From: Philippe VERDY (verdy_p@wanadoo.fr)
Date: Tue Jan 25 2005 - 10:58:46 CST

  • Next message: Jon Hanna: "RE:"

     --- Jon Hanna <jon@hackcraft.net> a écrit :
    > or if there's no charset
    > > specification in HTTP headers, but there's an internal charset
    > > specified in the document that indicates it's using the UTF-8
    > > "charset"
    > *Strictly* in the absence of a charset parameter the header
    > "Content-Type:
    > text/html" is supposed to be taken as having a default charset
    > parameter of
    > "charset=iso-8859-1", which is one of the minor changes RFC 2616
    > (HTTP) made
    > in its use of MIME (under which the default charset parameter would
    > have
    > been "charset=us-ascii).

    Whatever the HTTP protocol specs say, it is not mandating anything about how to interpret Content-Types. HTTP just offers a way to transport the Content-Type information, and then leaves the interpretation of this content type to MIME specifications.

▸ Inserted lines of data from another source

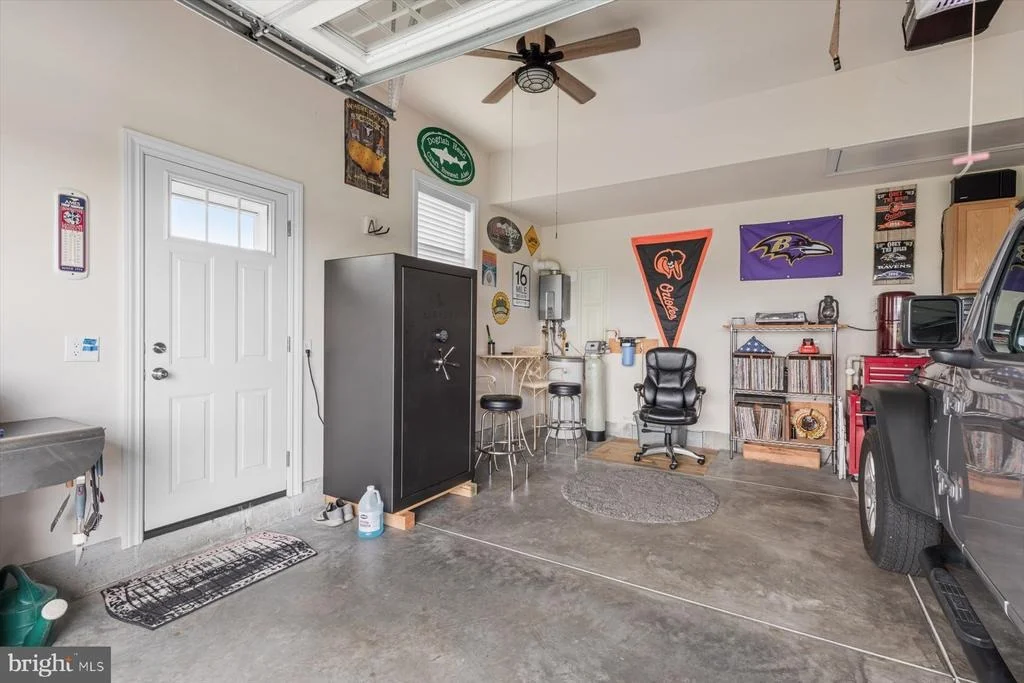 Photo of 24860 MISTLETOE DRIVE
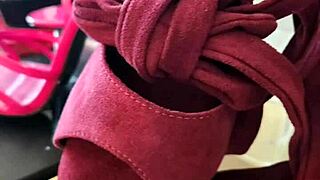 i put on my maid costume and flash my huge ass in homemade clips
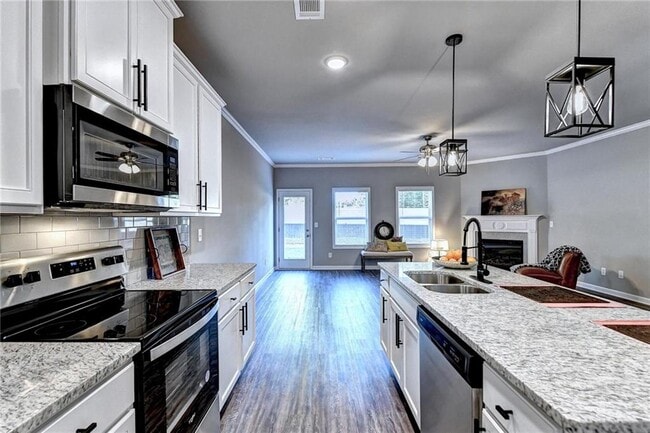 Building Photo - 5116 Fox Den Rd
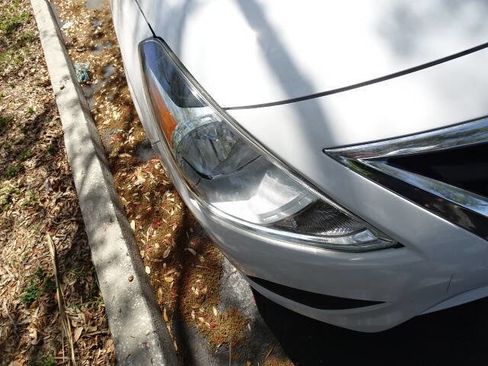 Used 2018 Nissan Versa SV image 16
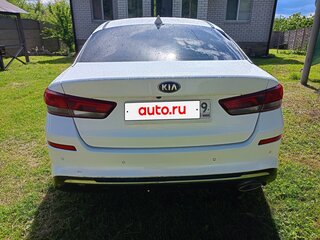2019 Kia Optima IV Рестайлинг, белый, 1000000 рублей, вид 3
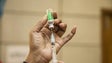 Bruxelas admite atingir mais cedo meta de 70% dos adultos vacinados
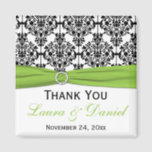 Black, White en Limoen Damask Wedding Favor Magnet<br><div class="desc">Dit zwarte en witte domme trouwfeest is te danken aan je magneet met een groen FAUX-lintje met een chartreuse groene tint en een bijkomstig bijvoegsel voor de bruiloft. Als er andere overeenkomende objecten zijn die je nodig hebt,  kun je een e-mail sturen naar niteowlstudio@gmail.com.</div>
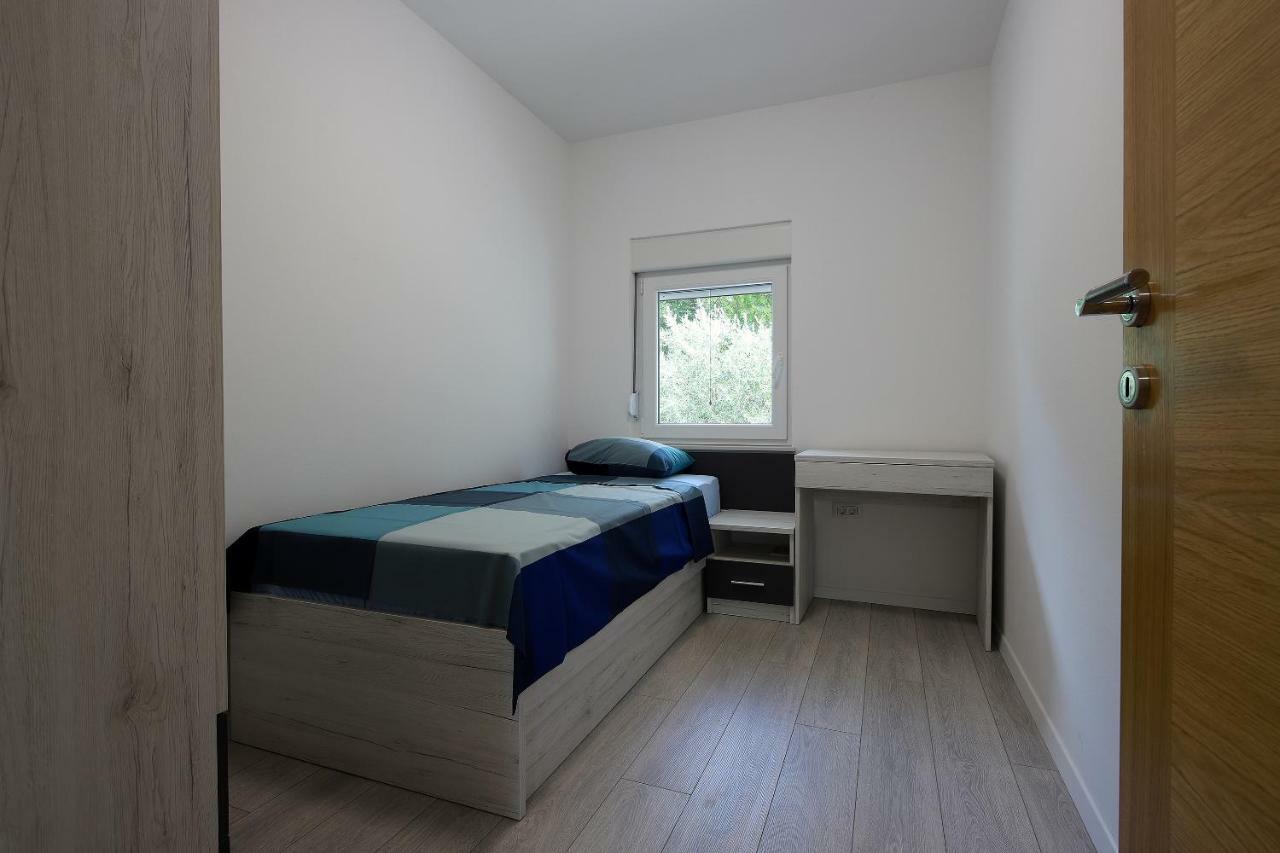Apartmani Judita Pinezici  Exterior photo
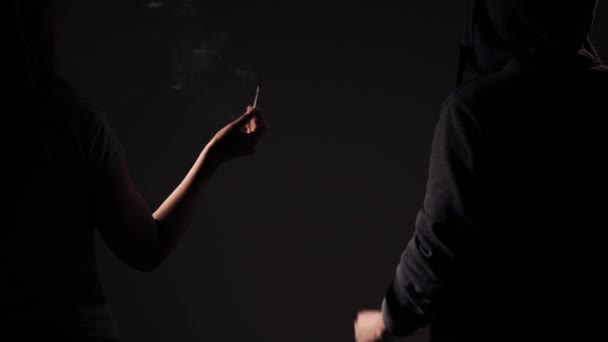 Gierige Raucher Wollen Keinen Marihuana Joint Auf Dunkelschwarzem Hintergrund Weitergeben — Stockvideo
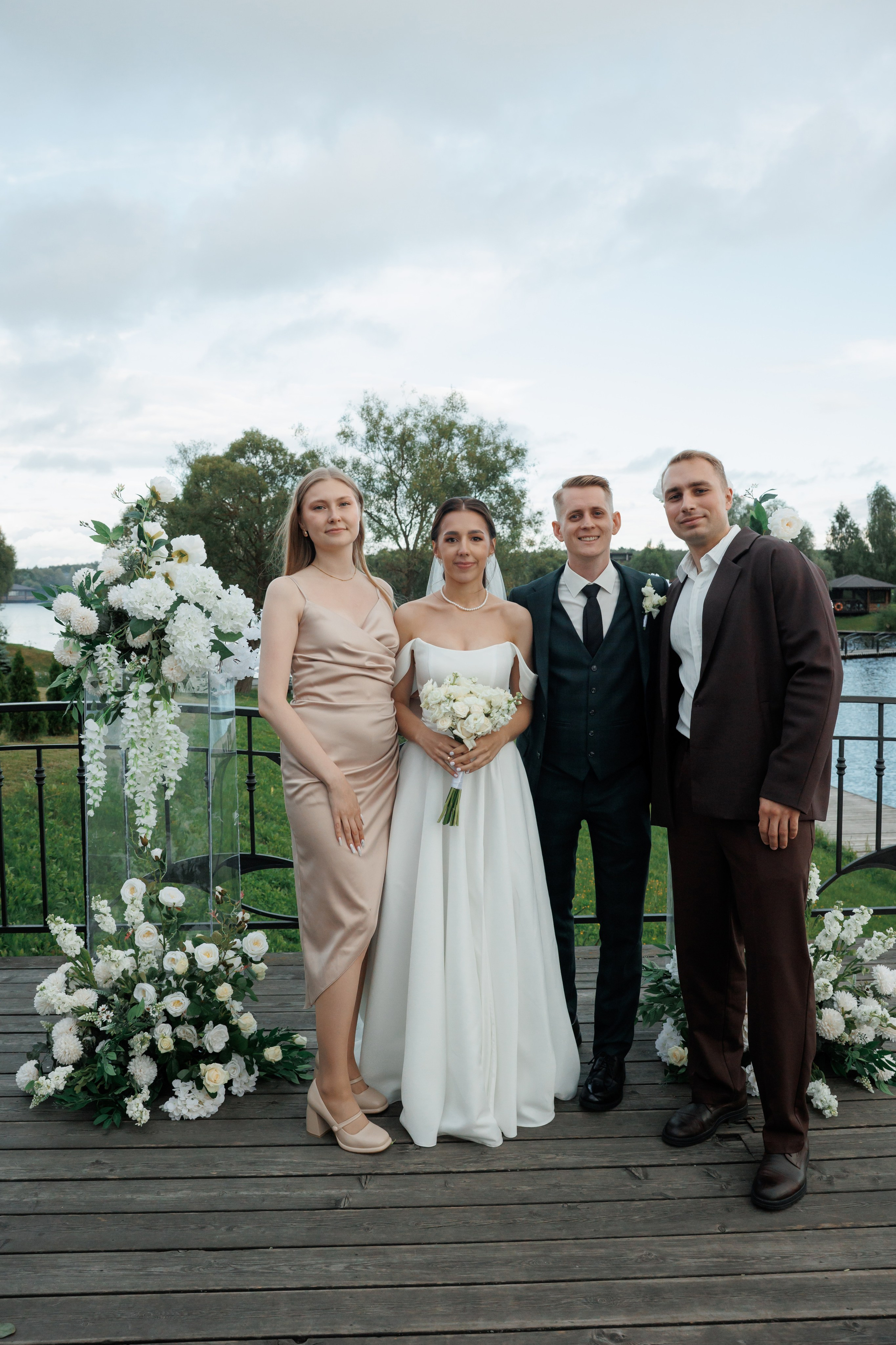 Регистрация в отеле Fish Point, ЗАГС Бутово, прогулка в Остафьево. Свадебный и репортажный фотограф (Москва, Королев и другие)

    In other words, it DOES NOT specify any default charset for the transported document, should it be "text/html", or whatever other "text/*" content-type !

    It's important to note this because the relevant information is not in RFC 2616. HTTP is ONLY a transport protocol that allows querying documents along with their meta-data. HTTP does not describe or mandate any of these meta-data.

    The only mandatory requirements in HTTP for the interpretation of headers are those effectively used in HTTP, to specify the origin host of the document, to sign its content or certify it against alteration, to see if the document can be replicated or cached, or to change its transport encoding syntax to bypass some limitations (most HTTP gateways however are binary safe today, so the only current use of transfer-encoding syntaxes in HTTP is for data compression or security, for example by inserting partial checksums, and allowing altered parts of the document to be reloaded from the source)...

    Don't forget that: HTTP is only a transport protocol, but not a way to specify how documents should be represented. The fact that HTTP is most often used for HTML documents since its origin does not conceptually binds it to the HTML requirements. In fact HTTP does not even specify that all HTML documents should be transported with a "text/html" content-type (it could be other types including some XML variants, or application specific content-types, even if the document will first be parsed as HTML, depending on the client application requirements.)

    The "Content-Type:" header is then only standardized as a container for MIME related information, but it's not to the HTTP spec to say how it will be interpreted. Notably the absence of a "charset=..." attribute in the content-type value means or implies NOTHING in HTTP, which is open to any other content-types for which the simple concept of a "charset" is not significant.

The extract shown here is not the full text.